Exercise description
Word for word, copy the data that follows and skip its pictures.

Exercise data
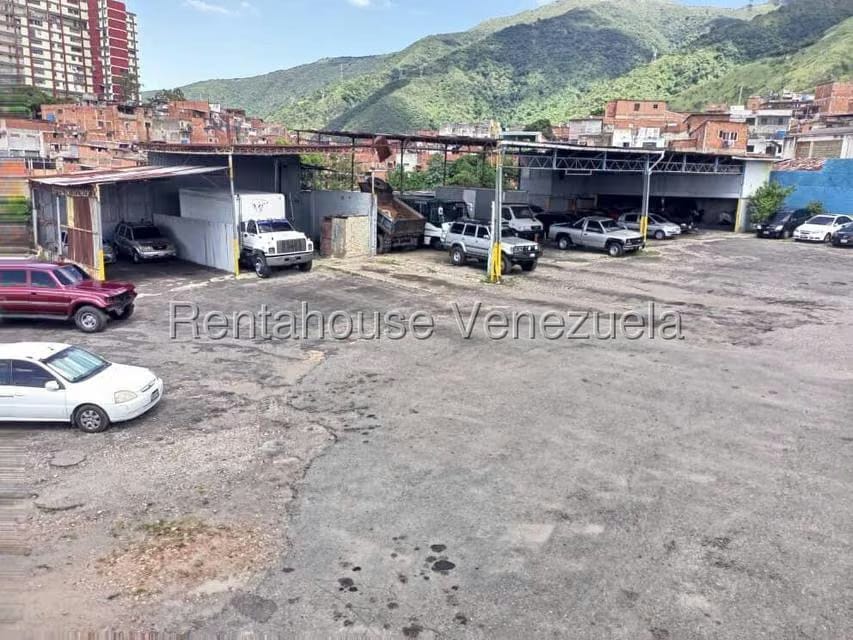 Comercial (Estacionamiento) en Venta en Catia, Distrito Metropolitano - 12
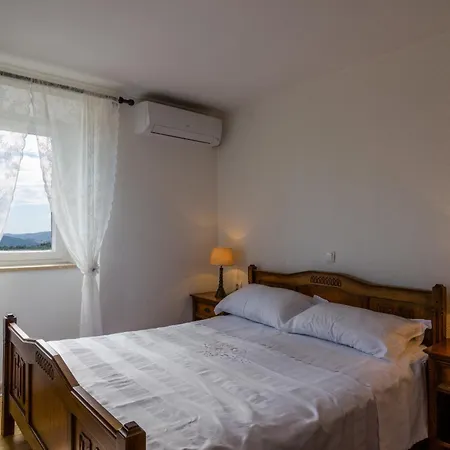 Family Friendly House With A Swimming Pool Zedno, Ciovo - 23762 * טרוגיר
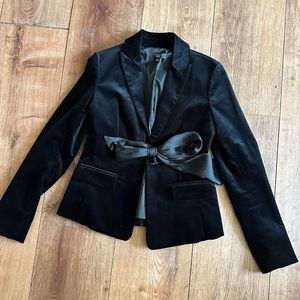 Ann Taylor women's velvet blazer size 2P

Solution
 Comercial (Estacionamiento) en Venta en Catia, Distrito Metropolitano - 12
 Family Friendly House With A Swimming Pool Zedno, Ciovo - 23762 * טרוגיר
 Ann Taylor women's velvet blazer size 2P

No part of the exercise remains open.